WORKING DATA Block Start

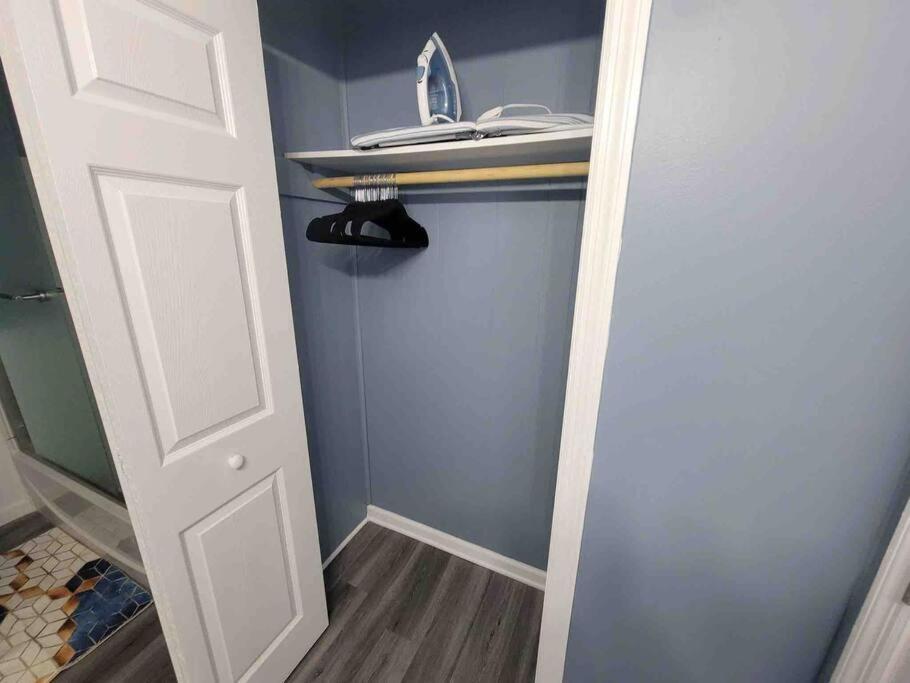 2022 Renovated 2-bdrm Cozy, Lovely W/parking!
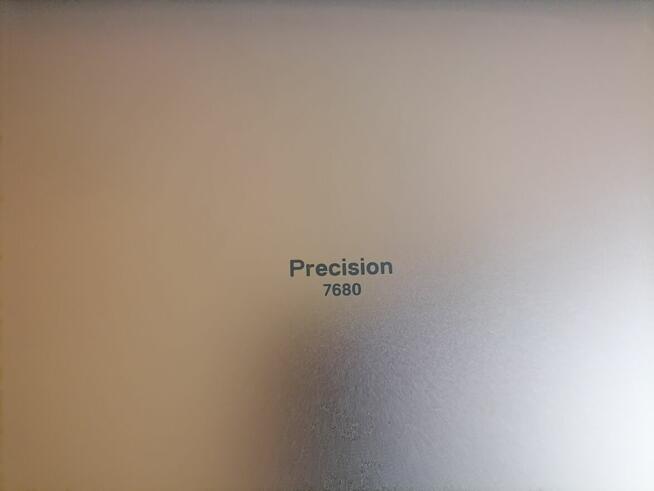 Dell precision 7680 16 WIN 11 i7 13 gener 64GB 2TB WIN 11 RT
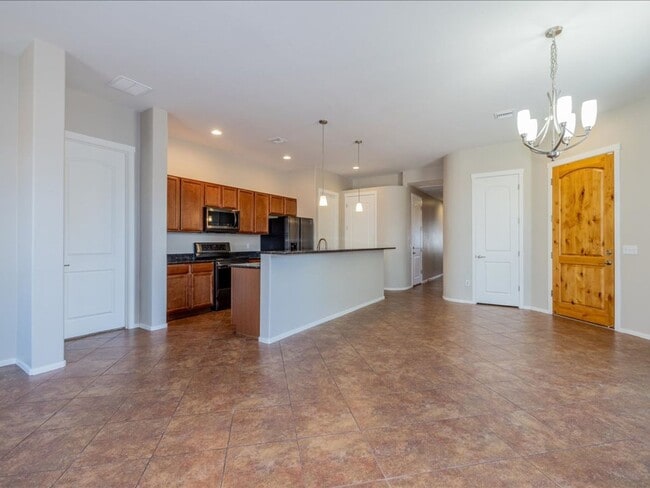 Building Photo - 8721 E Perry Park Cir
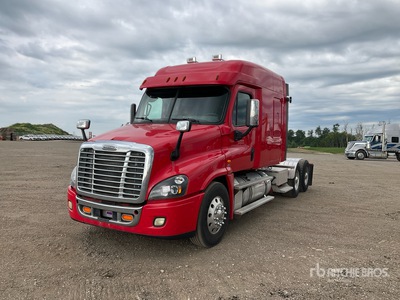 2016 Freightliner Cascadia 125 6x4 T/A Sleeper Truck Tractor (Inoperable)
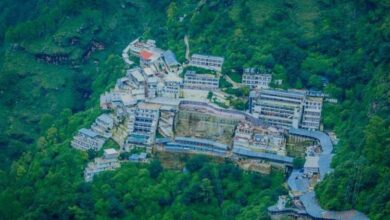 Photo of माता वैष्णो देवी यात्रा जारी, बादल छाए रहने से हेलिकॉप्टर सेवा प्रभावित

WORKING DATA Block End

▸ **GOAL OF THE EXERCISE**: Where a line contains "Building Photo - 8721 E Perry Park Cir", begin there and transcribe every line through the last one of the records above, exactly and with no pictures.

▸ **ANSWER**:
 Building Photo - 8721 E Perry Park Cir
 2016 Freightliner Cascadia 125 6x4 T/A Sleeper Truck Tractor (Inoperable)
 Photo of माता वैष्णो देवी यात्रा जारी, बादल छाए रहने से हेलिकॉप्टर सेवा प्रभावित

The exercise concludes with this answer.